Today I attempted Kew Gardens… and though the weather is a bit overcast and foggy – I’ve got to say that it was definitely worth the trip!

The next to last stop on the Richmond line (or you can take the overground) – the garden is a short walk from the train station in an adorable little center of shops and cafes. One of my favorites:

After browsing a bit, I made my way down a residential street towards the Gardens’ Victoria Gate entrance. Cool thing: the entire street was lined predominantly with London Planes – all of which were pollarded! In fact, about 2/3 the way down the street, there was a tree company cutting one Plane that looked like it had been allowed to grow unabated this year.  Surprisingly, the front yards in many of the houses were pretty simply planted… you would think that there would be some competition to have the best-looking front yard with such proximity to the garden!

Upon entering the Gardens, I made a beeline to the Palm House, which was to close at 2pm that day.

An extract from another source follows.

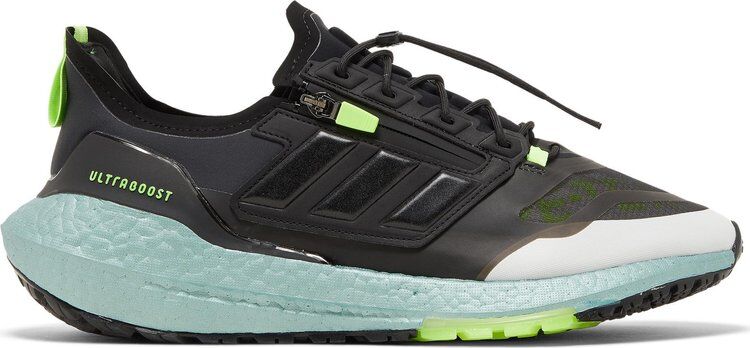 Кроссовки Adidas UltraBoost 21 GORE-TEX 'Black Signal Green', черный S23703 | Black фото 1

Apparently, they’ve found an invasive bug in the conservatory and spend the afternoon cutting back affected plants. Now, having been in the greenhouse, I can completely appreciate the amount of work this would entail!

The conservatory is literally 2-stories; you can ascend to a catwalk via circular staircase on either end of the main room… which offers an amazing overhead view of plants that are literally stories tall! http://www.kew.org/visit-kew-gardens/garden-attractions-A-Z/Palm-House.htm

The Palm House

One of my favorite plants was a cycad that Kew believes to be “the oldest potted plant” in England… it was brought to the Gardens just as it was being established – more than 200 years ago! – and has remained in the Palm House ever since. Here it is:  http://www.kew.org/visit-kew-gardens/garden-attractions-A-Z/eastern-cape-giant-cycad.htm.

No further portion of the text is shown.